| What to work on |
From the records below, please print only the lines from the one containing "Apartment in Porto (77280) — photograph 3" through the one containing "Appartamento a Bornasco", both included. Skip the pictures.

| Materials provided |

↓↓↓

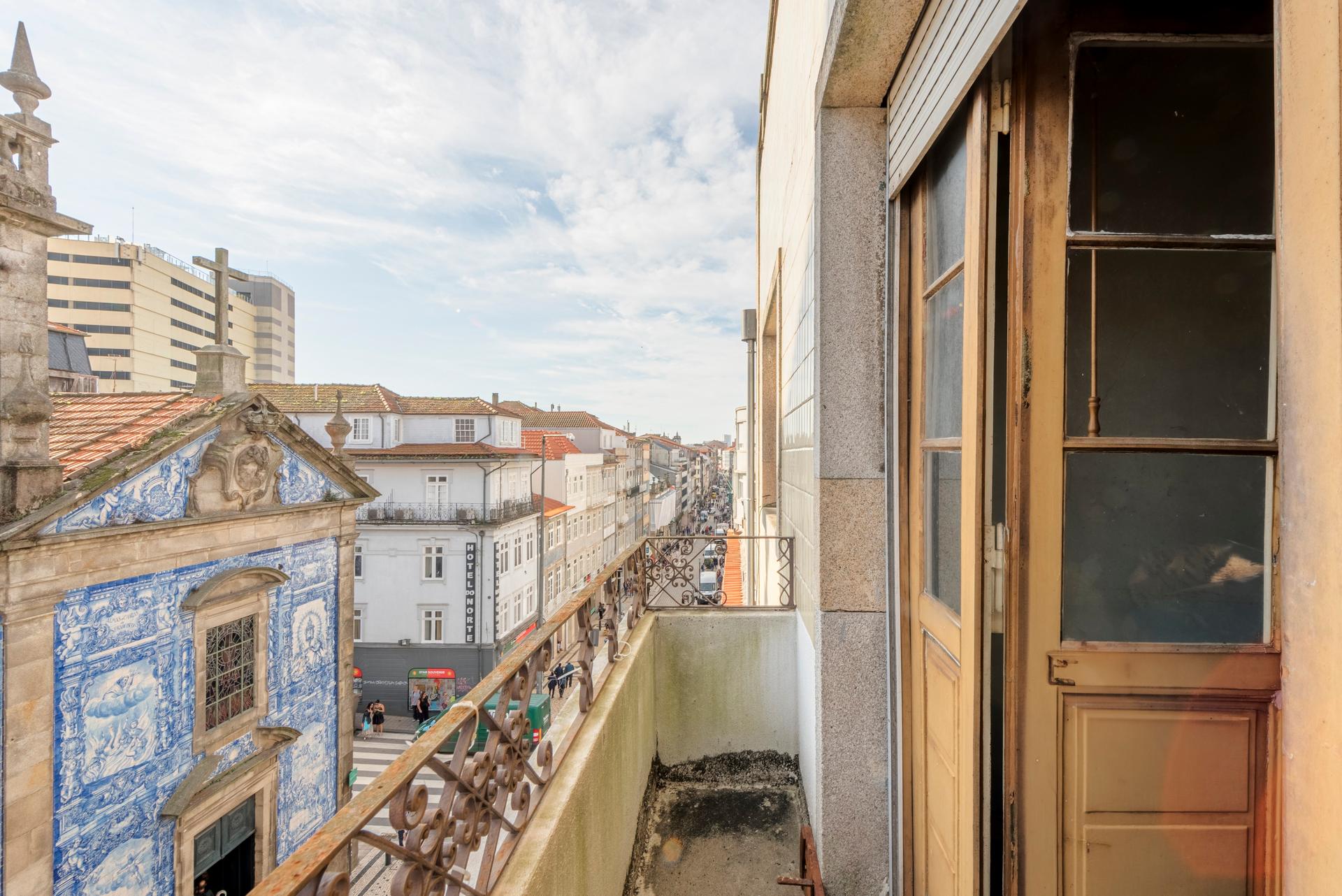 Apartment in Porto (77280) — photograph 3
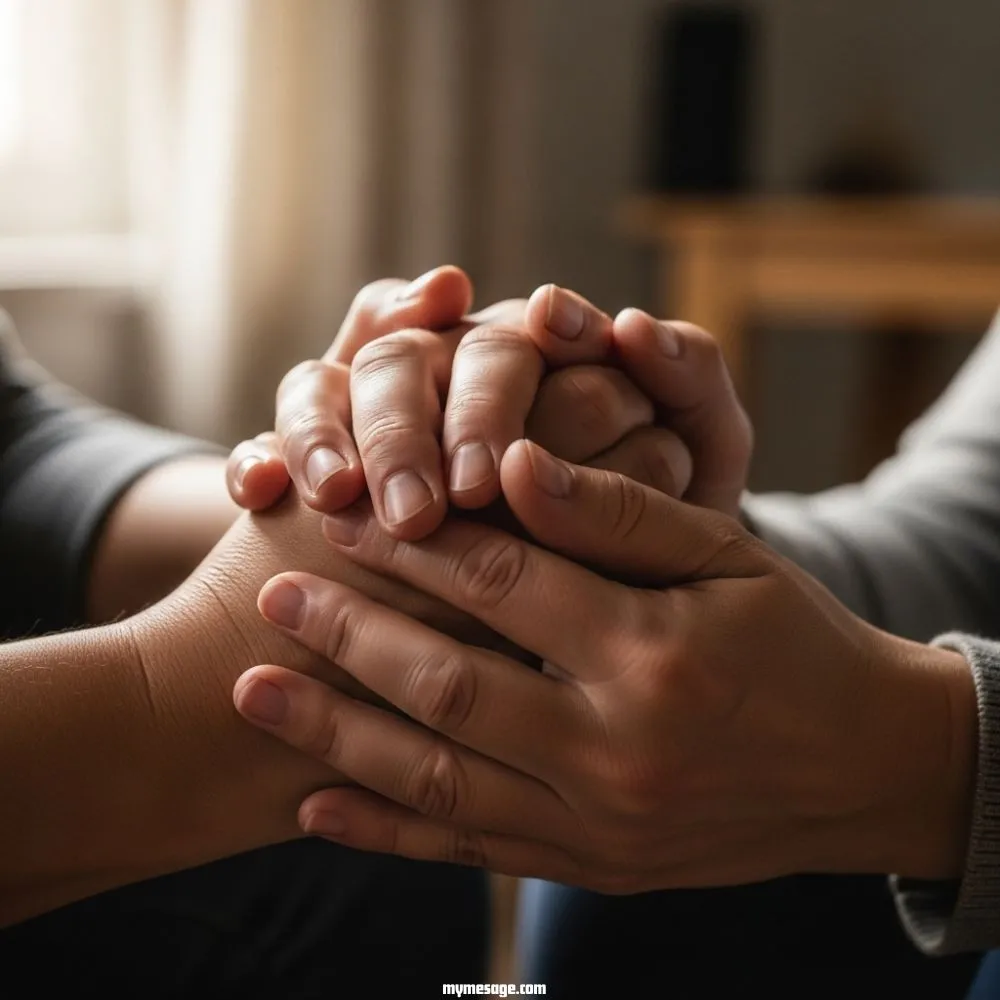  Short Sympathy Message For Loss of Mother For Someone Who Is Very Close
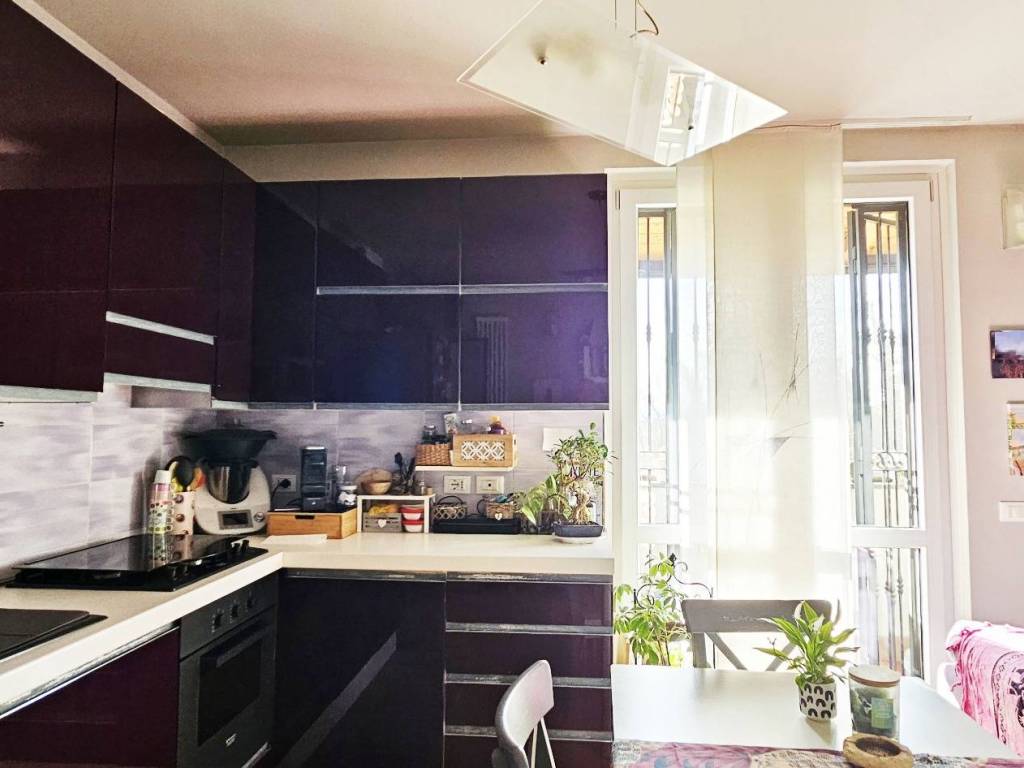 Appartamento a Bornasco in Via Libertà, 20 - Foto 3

↑↑↑
↓↓↓

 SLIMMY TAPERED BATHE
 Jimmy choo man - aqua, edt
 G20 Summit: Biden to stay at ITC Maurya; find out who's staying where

↑↑↑

| Answer to the problem |
 Apartment in Porto (77280) — photograph 3
  Short Sympathy Message For Loss of Mother For Someone Who Is Very Close
 Appartamento a Bornasco in Via Libertà, 20 - Foto 3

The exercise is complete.